Your instructions: When you reach the line containing "Natural Area Rugs, 100%", start transcribing exactly and continue through the last line of the data, skipping every picture.
::: Records supplied
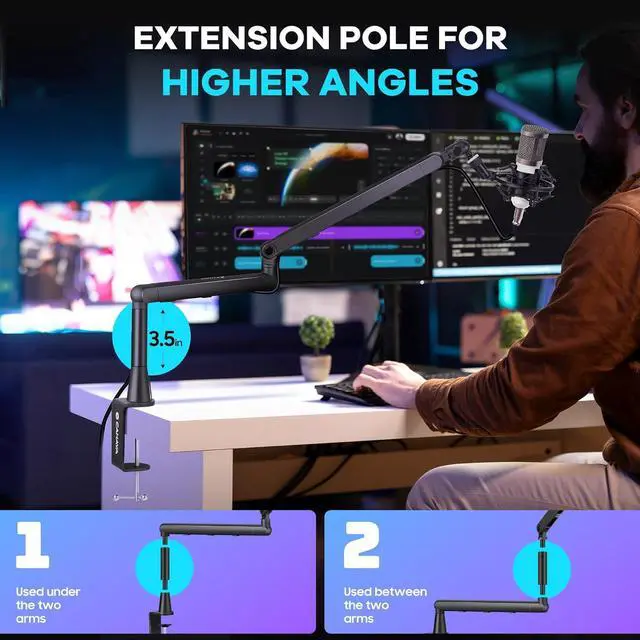 Alt view image 3 of 7 - Mic Stand Boom Arm - Low/High Profile Dual Use Desk Microphone Stand with 3.5in Extension Pole Desk Mount Clamp Cable Management Mic Stands with 2 Mic Clips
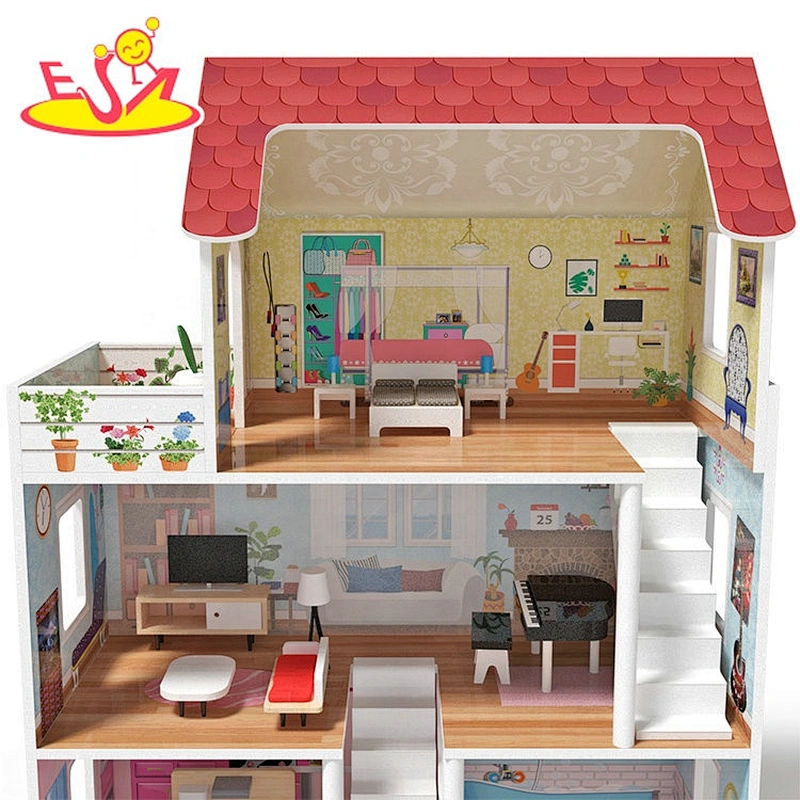 2021 Hot sale wholesale  wood doll house miniature construction toys for kids W06A422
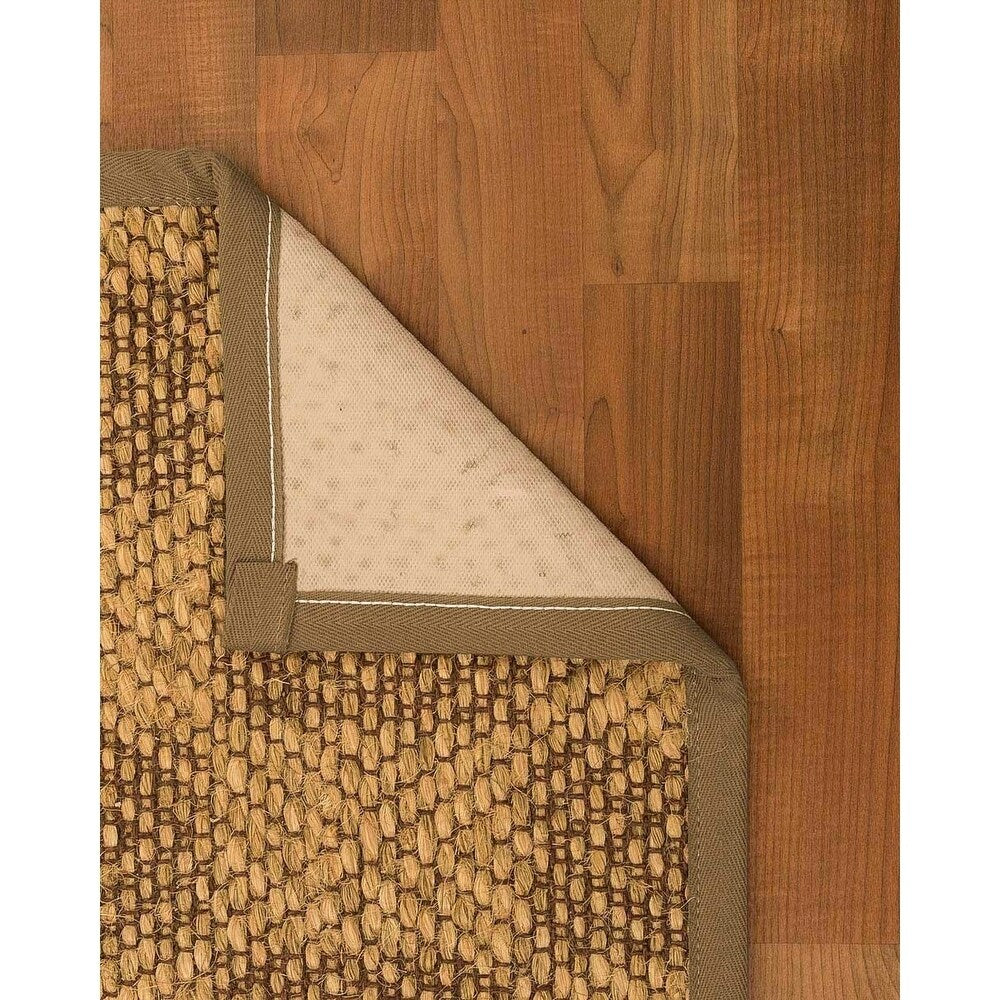 Natural Area Rugs, 100% Natural Fiber Handmade Parson, Brown/Multi Sisal Rug 6' Square, Squirrel Border - 6' x 6' Square
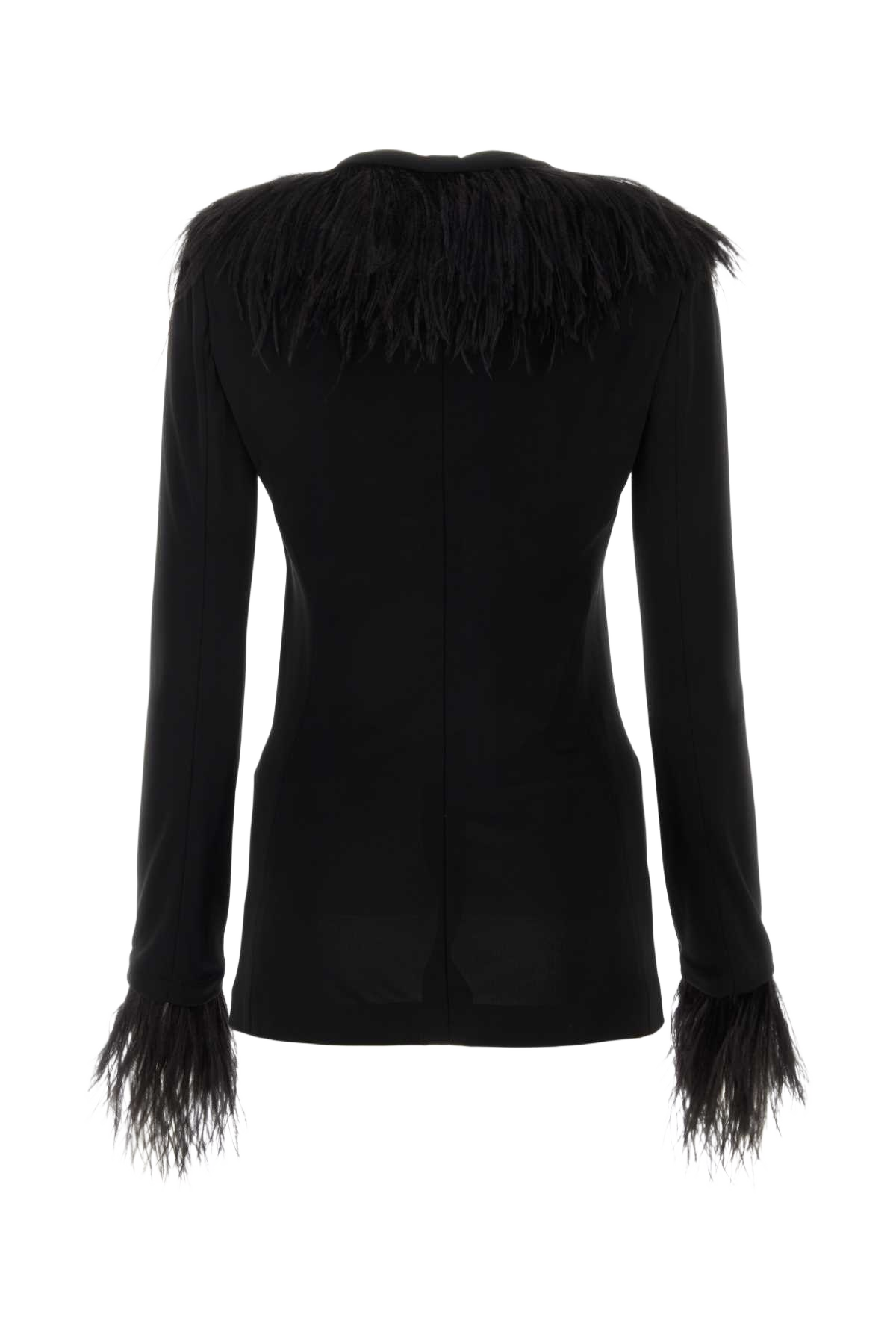 Black Crepe Blazer Nero Exterior: Viscose Giacche E Gilet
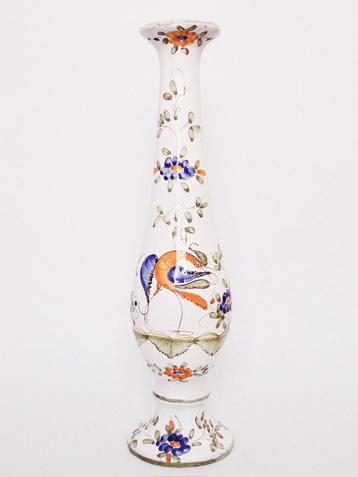 Grote vintage vaas keramiek Portugal vogel gekleurd wit beschikbaar voor biedingen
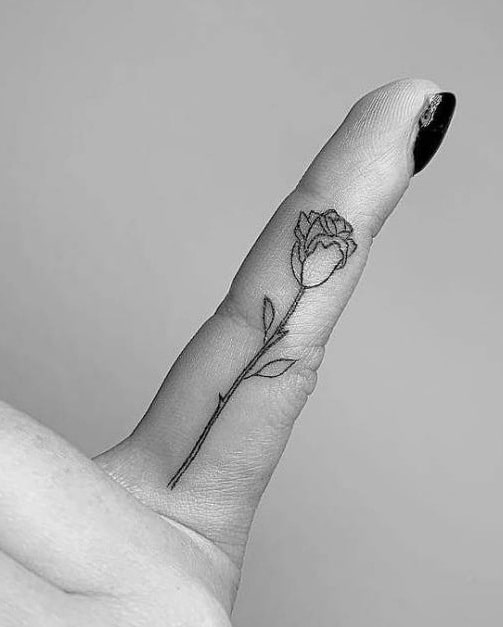 Small Rose Tattoo on Finger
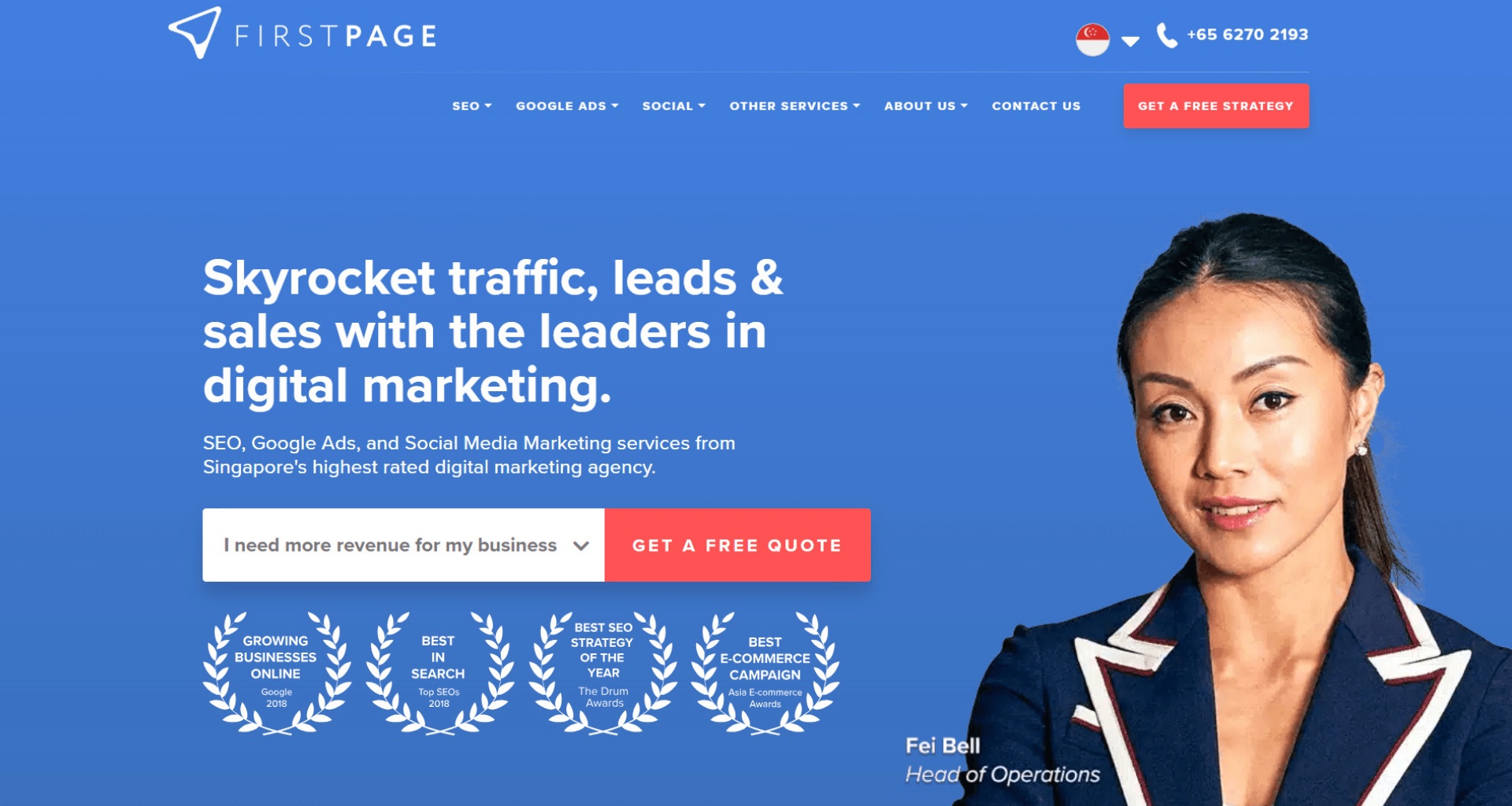 Homepage screenshot for First Page Digital Singapore. The image features Fei Bell, Head of Operations, next to the headline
::::::
Task solution:
 Natural Area Rugs, 100% Natural Fiber Handmade Parson, Brown/Multi Sisal Rug 6' Square, Squirrel Border - 6' x 6' Square
 Black Crepe Blazer Nero Exterior: Viscose Giacche E Gilet
 Grote vintage vaas keramiek Portugal vogel gekleurd wit beschikbaar voor biedingen
 Small Rose Tattoo on Finger
 Homepage screenshot for First Page Digital Singapore. The image features Fei Bell, Head of Operations, next to the headline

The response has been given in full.